ESMA distinguishes between Issuer CSDs and Investor CSDs and sets out the following regime.
Issuer CSDs (which provide core services)
- Depositaries should not have to apply the delegation rules in their capacity as Issuer CSDs. Accordingly:
- there would be no specific segregations requirements at the level of the Issuer CSD;
- a depositary would not need to perform any due diligence on an Issuer CSD; and
- if a financial instrument is lost at the level of an Issuer CSD this would be considered an external event outside the reasonable control of the depositary.
Investor CSDs (which participate in settlement systems operated by third parties)
- Depositaries should have to apply the delegation rules in their capacity as Investor CSDs. Therefore:
- investor CSDs would be subject to asset segregation requirements, though the opinion has revised these;
- due diligence requirements of the AIFMD and UCITS Directive must be complied with; and
- a depositary that delegates to an Investor CSD would still be subject to the liability regime set out in AIFMD and UCITS.
The European Supervisory Authorities (The ESAs) have presented to the European Commission their Technical Advice in relation to Packaged Retail and Insurance-based Investment Products manufacturers with a focus on environmental or social objectives (EOS PRIIPs). The Advice sets out the minimum requirements that the manufacturer of an EOS PRIIP should meet in order to ensure that these products satisfy the retail investor’s needs.
The manufacturer of an EOS PRIIP must install specific governance measures to ensure sustained compliance with the environmental or social objectives of the product. This is coupled with a requirement to demonstrate the relevance of these objectives to the product’s retail investors.
The advice targets four areas of regulatory attention and considers existing rules and potential recommendations to be adopted by the Commission, summarised below:
1. Specific environmental or social objectives
The manufacturer of an EOS PRIIP must clearly state the environmental or social objectives of the product and explain a proportionate strategy to achieve them.

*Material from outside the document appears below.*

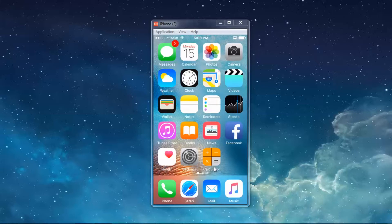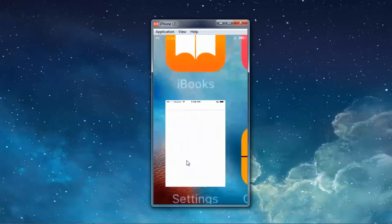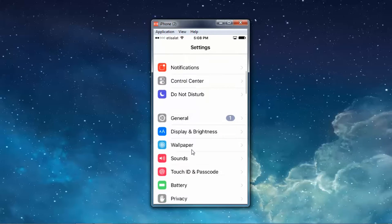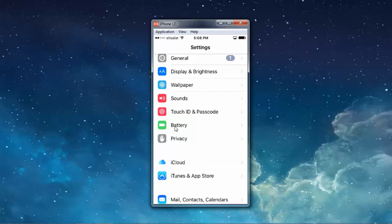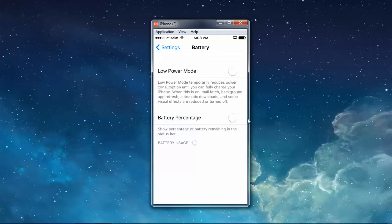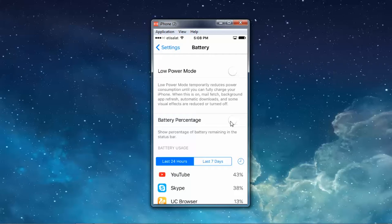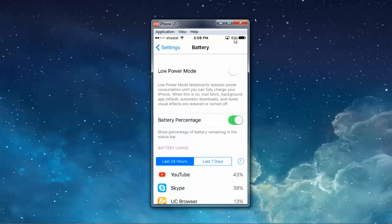If you cannot see the percentage of battery power displayed on your iPhone screen, go to Settings, scroll down and you can see Battery — select Battery. Now you can see battery percentage is disabled. Move the slider to enable. Once you do this, you can see the percentage of battery power is displayed on the iPhone screen.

2. Disclosure of specific investment policy
The manufacturer of an EOS PRIIP should disclose the environmental or social objectives and the strategy to achieve them to the product’s retail investors. The ESAs advise that:
- The KID should set out this information in a section titled “What is this product?”. The section titled “Other relevant information” should provide the retail investor with advice on where to find the all of the details of the product’s objectives and strategies.
- The KID should also include information regarding the type of investor that the PRIIP is intended for.
- Risks outside the control of the PRIIP manufacturer that may impact the specific identified environmental or social objectives should also be set out.
- This information is intended to enable the retail investor to assess the PRIIP in view of his or her desired environmental or social objectives.
3. Governance procedures and controls
The manufacturer of an EOS PRIIP must ensure that effective governance and monitoring procedures are in place and well-documented. These should be proportionate to the specific environmental or social objectives of the product in question.
4. Review of progress
The manufacturer of an EOS PRIIP should regularly review the performance of the product to ensure that it’s environmental or social objectives are met.
In light of the above, the ESAs concludes that the establishment of specific and detailed standalone obligations intended solely for PRIIPS that target specific environmental or social objectives are not required.